1. Introduction

Many large-scale application-software require Fast Fourier Transforms (FFT), e.g., within the Exascale Computing Project (ECP) of the United States.

Hybrid CPU-GPU systems are widely used and are expected for the upcoming exascale machines. FFT libraries targeting such architectures have been accelerated via tuning and asynchronous kernel evaluation on GPUs [2], obtaining up to 2x speedup compared to fully CPU libraries.

We present techniques to further accelerate FFT computation by overcoming the communication bottleneck, we provide architecture-aware selection of FFT algorithm, a novel All-to-All routine (which can considerably speedup default MPI standard routines), and a mixed-precision implementation.

2. Even faster FFTs

Multidimensional FFT are computed by a sequence of 1D or 2D FFTs, with intermediate data reshapes. The latter is the most expensive task (>80% of runtime) [2], moving data among processors (1), typically in an All-to-All fashion [2, 3].

heFFTe supports any type of reshaping technique (c.f., Fig. 2.1) and provides a tool to create architecture-aware Phase diagrams (Fig. 2.2). In Fig. 2.2, we show the case of Summit, where users can input their resources and FFT size to select the fastest reshape approach.

3. Mixed-Precision FFT

Fig. 3 shows that heFFTe linearly scales. We use a 3D complex-data grid, and compute both: single (FP32) and double (FP64) precision FFTs.

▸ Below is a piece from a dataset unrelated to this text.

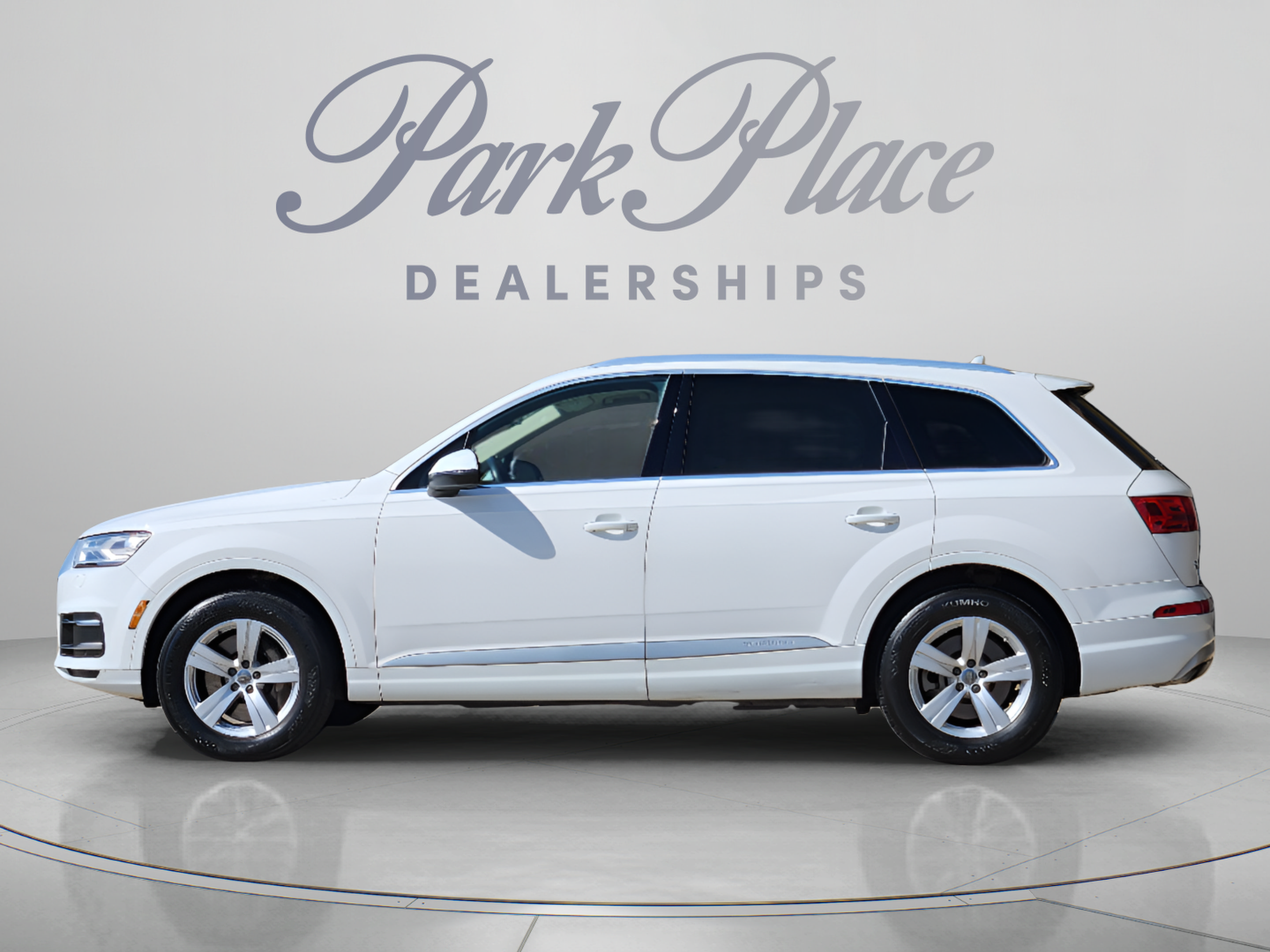 Used 2017 Audi Q7 2.0T Premium AWD/4WD image 2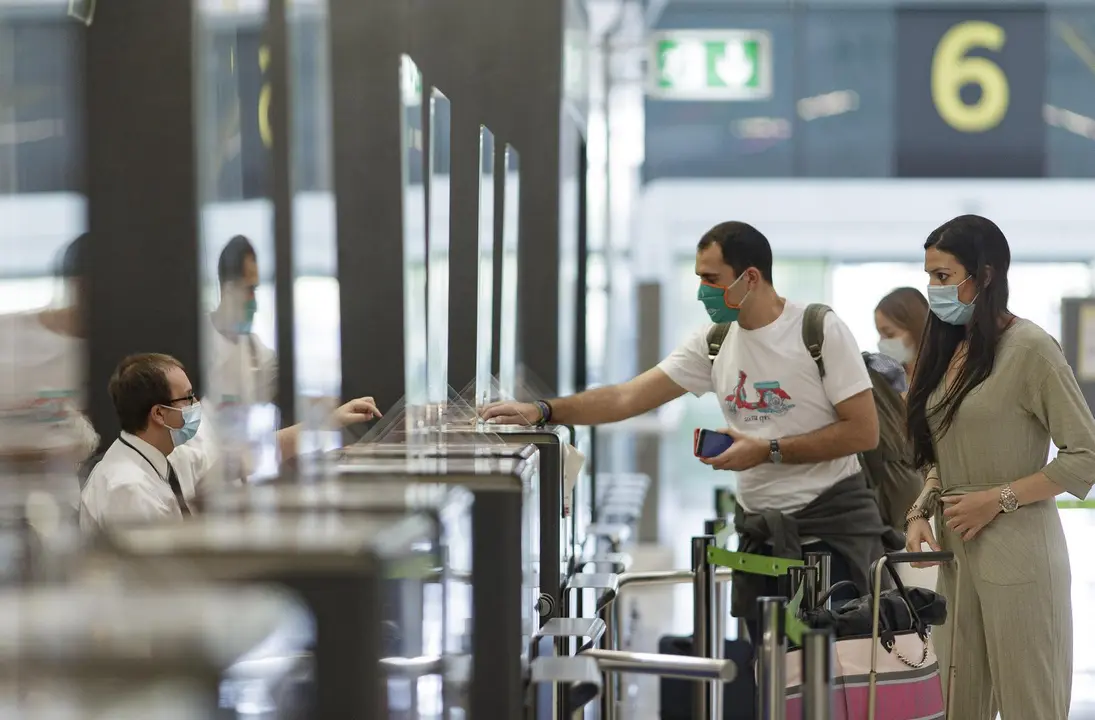 Pasajeros con sus maletas en las instalaciones de la Terminal T4 del Aeropuerto Adolfo Su&aacute;rez Madrid-Barajas.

We developed a mixed-precision version for heFFTe, which exploits GPU power to compress data (using casting/ZFP) to save in All-to-All cost (which usually takes over 90% of runtime [2, 3]). We used a ring version of our OSC_A2A routine.

CR2 means a compression ratio of 2 times. CR2 is up to 2.6x faster than FP64 and up to 1.4x faster than FP32. CR4 is up to 5x faster than FP64 and up to 2.6x faster than FP32. CR2 validation error is O(10^-5) while for FP32, it is O(10^-6); i.e., we move the same data volume faster, while getting a better quality FFT output.

4. Communication model

We introduce a novel communication model for hybrid-distributed FFTs which can adapt to any architecture [2], and gives a theoretical estimation of the reshaping cost.

This model assumes that fast communication is available within a node, e.g., Summit at ORNL, which has NVLink connections.

For Summit, we get [2]:

\[ T_{sol} = \frac{7.8125 \times \text{log}(N)}{2^{17}} \]

where \( N \) is the FFT size.

Using this model, we derive a roofline model theoretical peak performance. Fig. 4 shows heFFTe achieving about 90% of peak value up to 48 GPUs; this percentage then decreases, indicating that too many resources are being used for the given FFT size (latency).